As a researcher, I am passionate about the Harlem Renaissance, weird art and literature, and people’s stories. In the past, I have conducted research revolving around early 20th century African American artists and writers. My research this summer will be reaching outside of my comfort zone to analyze and research much more contemporary writers of the African diaspora in London, England. My research is specifically being funded through the Tyler Fellowship and my faculty mentor for this project is Dr. Alisha Gaines.

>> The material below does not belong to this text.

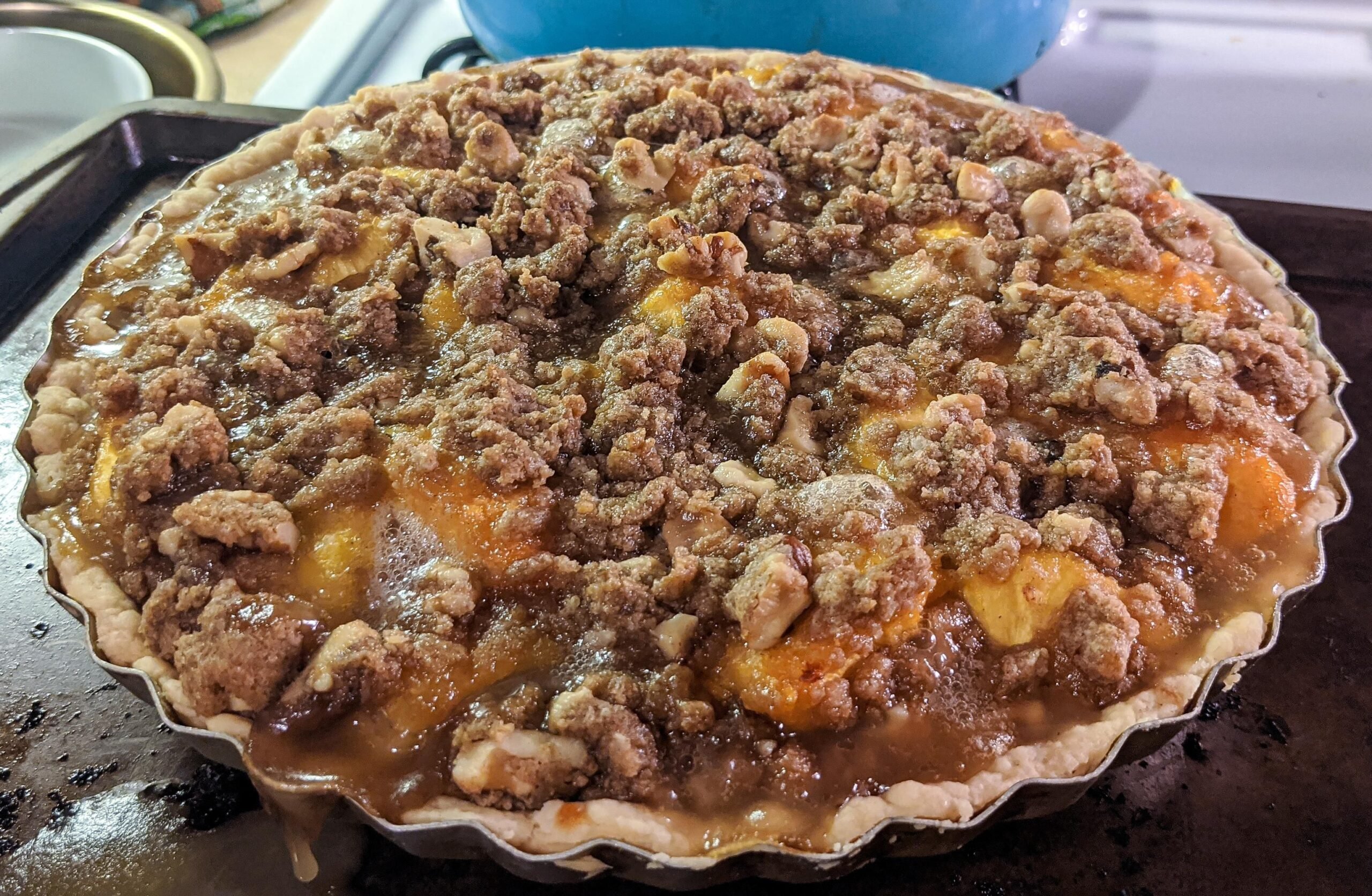 Brown Sugar Peach Crumble Pie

From the 1980s to the 1990s, the British Black Arts Movement was a key site of Black identity formation in England. While there has been new interest in the visual art of the movement, there has been far less attention paid to the literature and poetry produced during that era. Many of the writers in operation were of Caribbean or continental African descent, but unlike the literary movements of the 1960s, there was a distinct focus on the 2nd and 3rd generations of immigrants in the United Kingdom. The Movement primarily operated out of London, with a rapid proliferation of Black-owned independent presses facilitating a rise in the publishing of African and Caribbean writers. Groups like the Brixton Black Women's Group and bookstores like the Bogle L’Ouverture Books provided venues for writers to congregate and collaborate.
My project this summer will be to create a detailed profile of a notable British literary space that produced a distinct picture of Black identity as part of my broader Honors in the Major research. The physical locations where writers convened during the British Black Arts Movement have gone almost entirely unexplored. I will be utilizing both archival and literary research in order to identify those spaces and the people who occupied them. Furthermore, I will conduct oral history interviews with the members of the movement who still reside in London and its surrounding areas. During the span of this research, I will reside in London for a total of 6 weeks, as none of the archival materials I must review are digitized.

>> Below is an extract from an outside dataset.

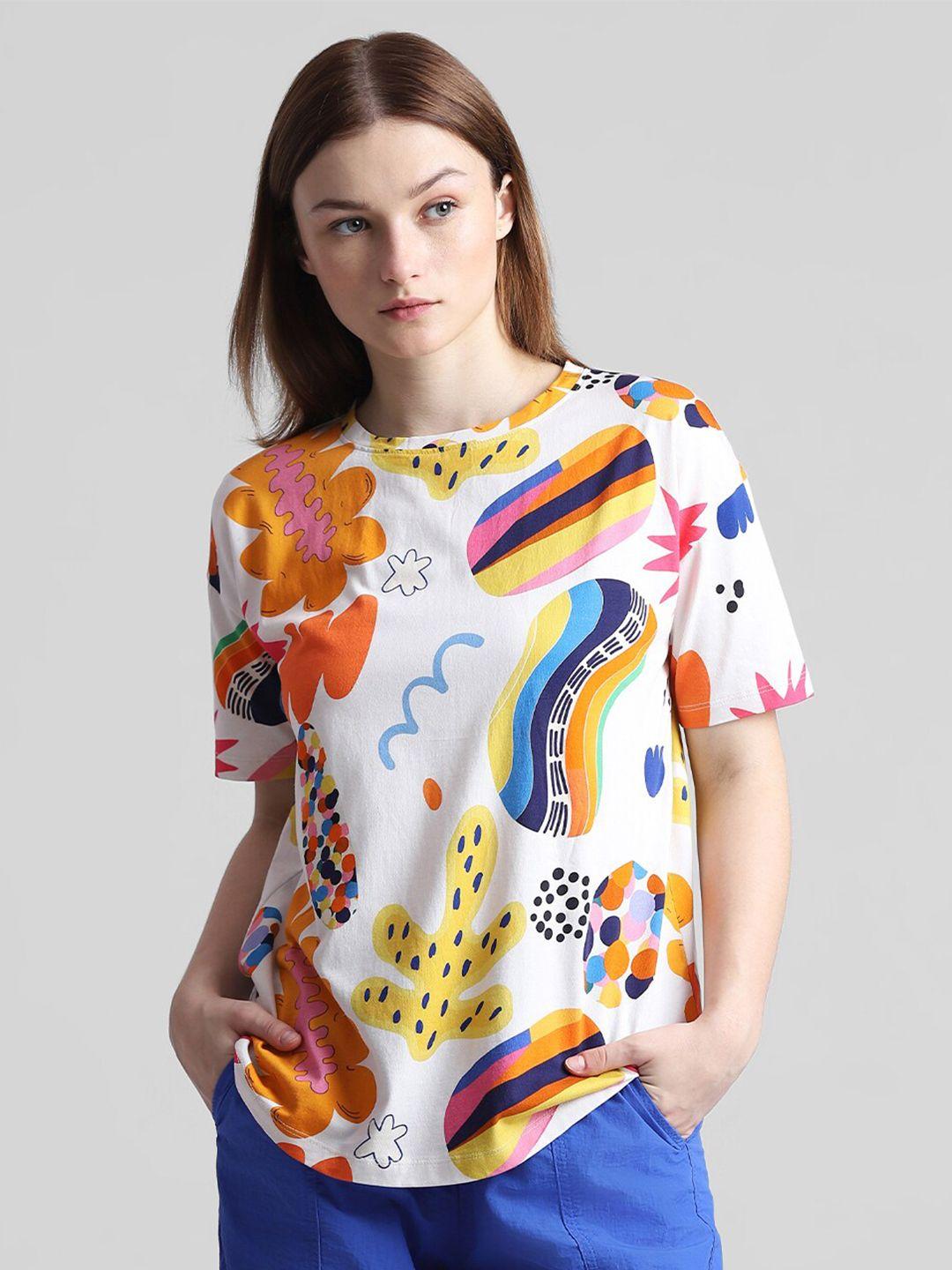 only onlaisle colour conversational printed pure cotton t-shirt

One archive I will visit is the Black Cultural Archives. Their Runnymede periodicals collection and Black British arts ephemera collection will contain records of where these spaces were as well as invaluable insight into the self-ontology of Black British writers of the time. The London Archive, the second archive I will visit, houses the Bogle-L’Ouverture Publications collection, the Clapton Youth Centre collection, and the Africa Centre collection, all of which directly pertain to the physical locations I want to investigate. Finally, the George Padmore Institute houses the papers of the formal Caribbean Artists Movement, which operated out of London, and whose members played a crucial role in the formation of the category of Black British art in the late 1970s.

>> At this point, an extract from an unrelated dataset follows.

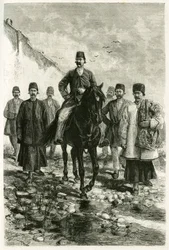 Guvernér Kašanu (nebo Kachanu, v teheránské provincii, dnešním Íránu) jede na černém koni a jeho doprovod jde pěšky. Rytina Tofaniho podle fotografie k ilustraci vyprávění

Furthermore, I have identified several notable figures who were instrumental or otherwise prominent during the British Black Arts movement who still live in or around London, such as Margaret Busby, Stella Dadzie, and Ben Okri, among others. Before embarking to London, I intend to reach out to these individuals to interview them on their experiences regarding literary spaces and Black identity at the time. By being physically in the area, I hope to collect these histories in a more natural environment without the concerns of digital complications and compile an oral history of the Black British Arts Movement through the lens of its writers and publishers.
Alongside my archival research and interviews, I will be reading published literature from the Movement, such as Daughters of Africa and I am Becoming My Mother to gain a deeper level of understanding for the literary landscape of the time. I will conduct closer readings and analyses after I establish the specific circles of writers, and derive my conclusions on what these writers were saying about Black identity from this literature.
I am incredibly excited to get to work on this project over the course of the summer. I hope that you’ll stick around to see what I do!